__Aim of the task__. Within the listing below, give again exactly the lines between the one containing "AP CLOUDSPUN Palmer's" and the one containing "Học Viện Phi Nhân Chapter 36.40 - 32", inclusive, pictures left aside.

__Excerpted data__.
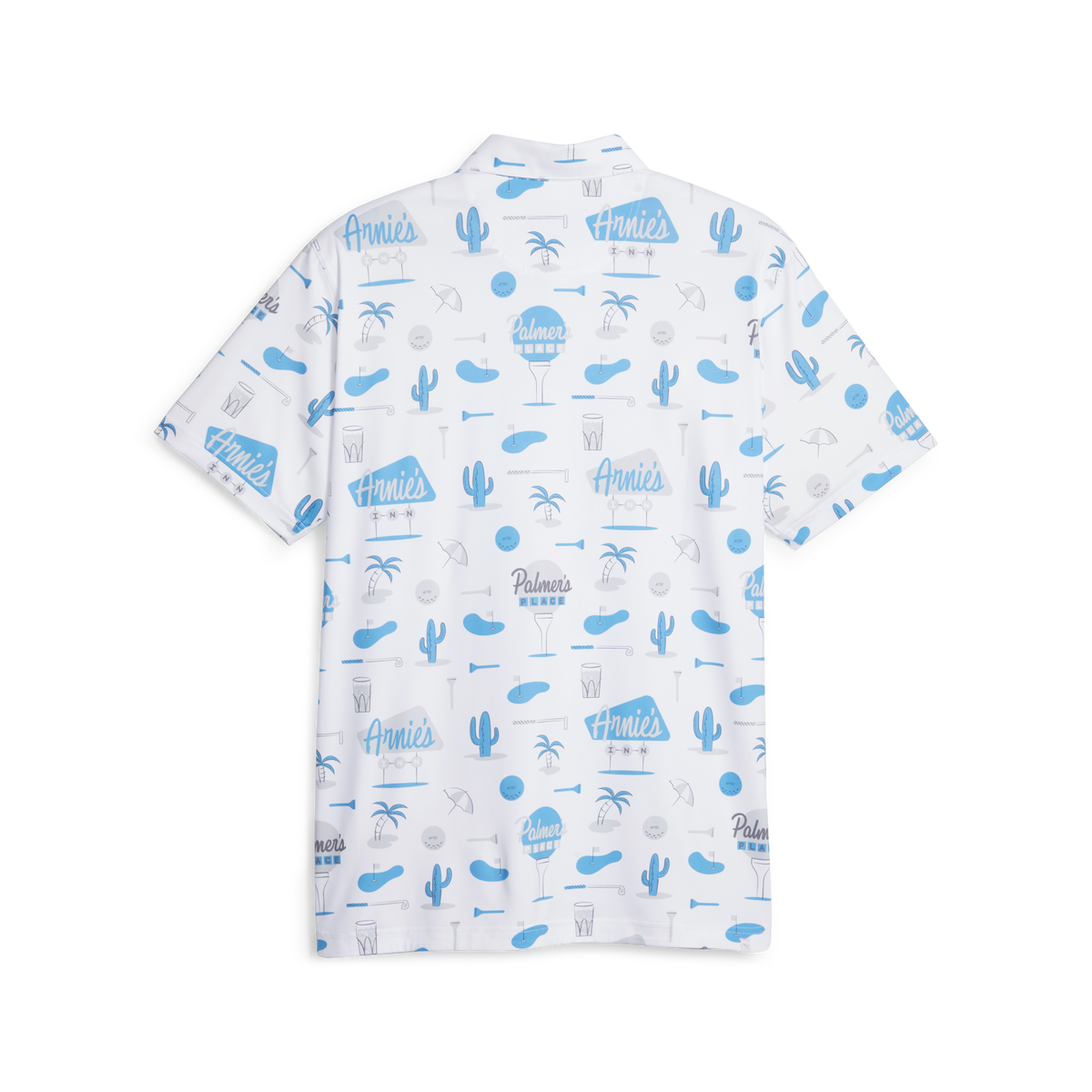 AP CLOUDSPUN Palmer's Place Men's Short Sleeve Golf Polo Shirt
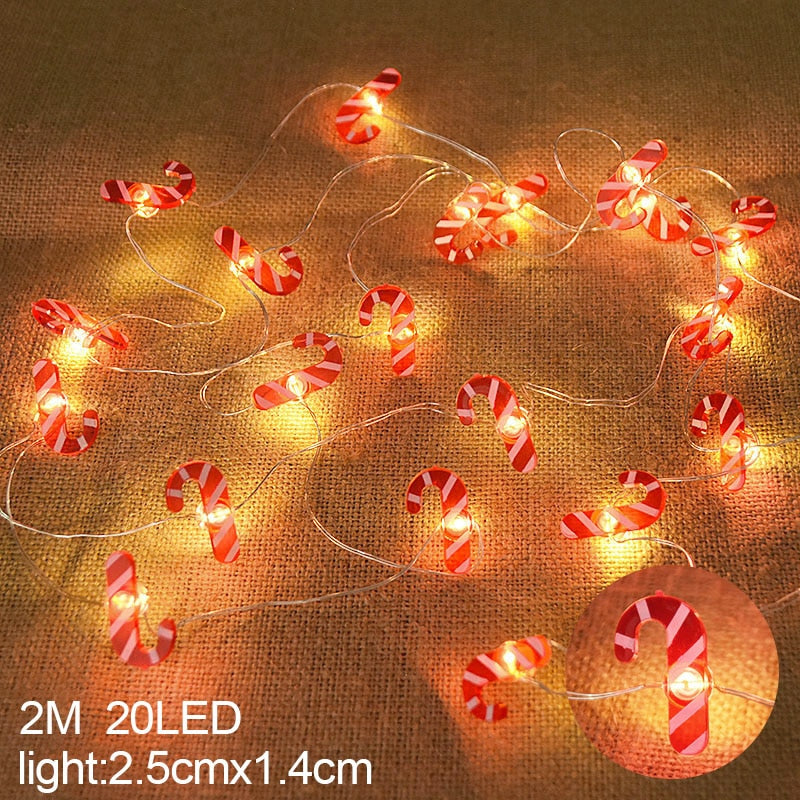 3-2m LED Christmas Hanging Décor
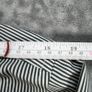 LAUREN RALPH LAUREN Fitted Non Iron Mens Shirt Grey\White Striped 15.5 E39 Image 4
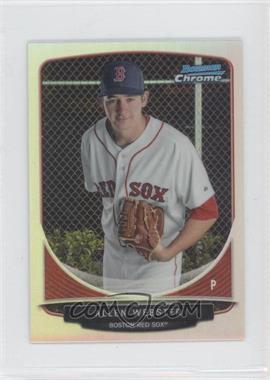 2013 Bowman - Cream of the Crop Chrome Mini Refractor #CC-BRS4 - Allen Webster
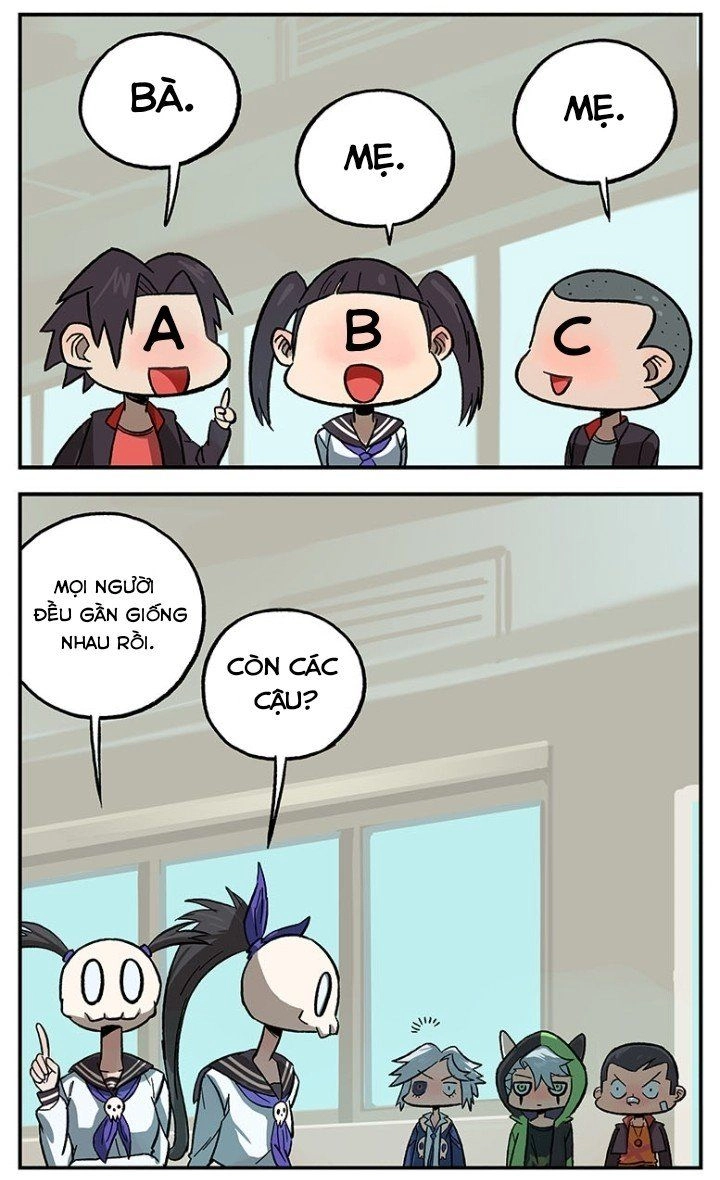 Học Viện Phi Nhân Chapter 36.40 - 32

---

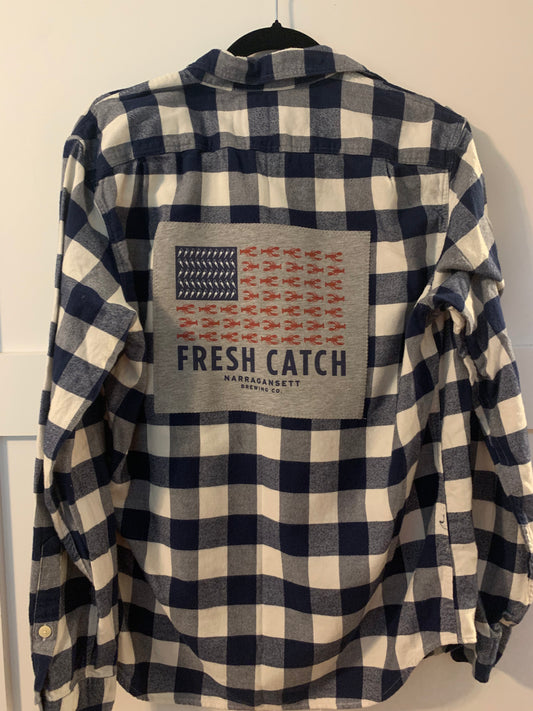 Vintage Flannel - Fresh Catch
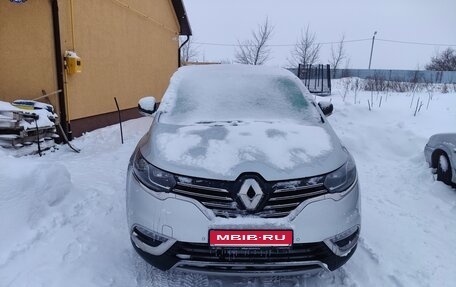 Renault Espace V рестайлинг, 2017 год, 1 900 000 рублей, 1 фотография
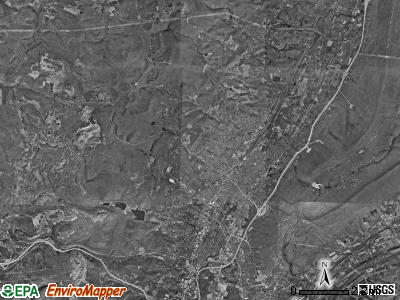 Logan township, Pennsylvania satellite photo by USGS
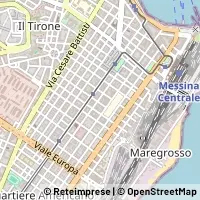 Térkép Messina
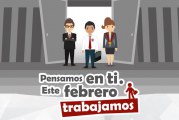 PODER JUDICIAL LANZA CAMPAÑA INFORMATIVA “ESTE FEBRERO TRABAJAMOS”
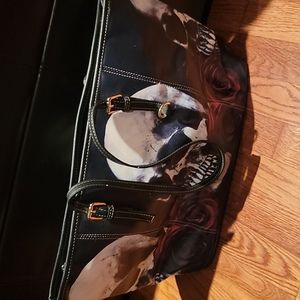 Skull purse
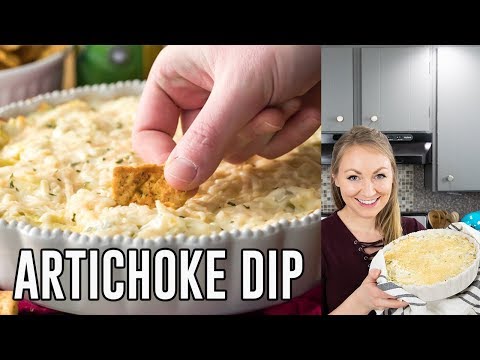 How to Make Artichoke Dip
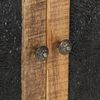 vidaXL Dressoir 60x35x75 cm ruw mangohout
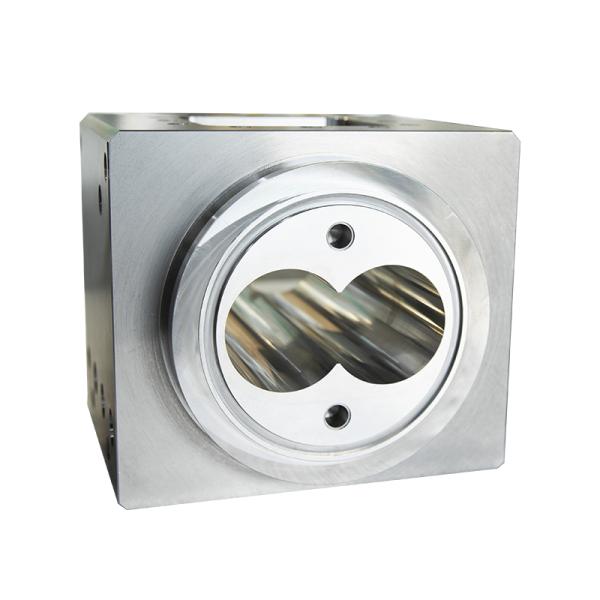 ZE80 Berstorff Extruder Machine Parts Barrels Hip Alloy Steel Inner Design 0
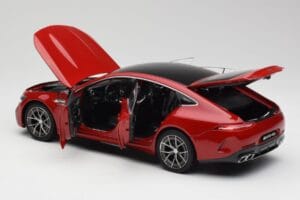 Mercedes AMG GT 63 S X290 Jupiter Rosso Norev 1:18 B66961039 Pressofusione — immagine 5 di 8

__Task answer__.
 AP CLOUDSPUN Palmer's Place Men's Short Sleeve Golf Polo Shirt
 3-2m LED Christmas Hanging Décor
 LAUREN RALPH LAUREN Fitted Non Iron Mens Shirt Grey\White Striped 15.5 E39 Image 4
 2013 Bowman - Cream of the Crop Chrome Mini Refractor #CC-BRS4 - Allen Webster
 Học Viện Phi Nhân Chapter 36.40 - 32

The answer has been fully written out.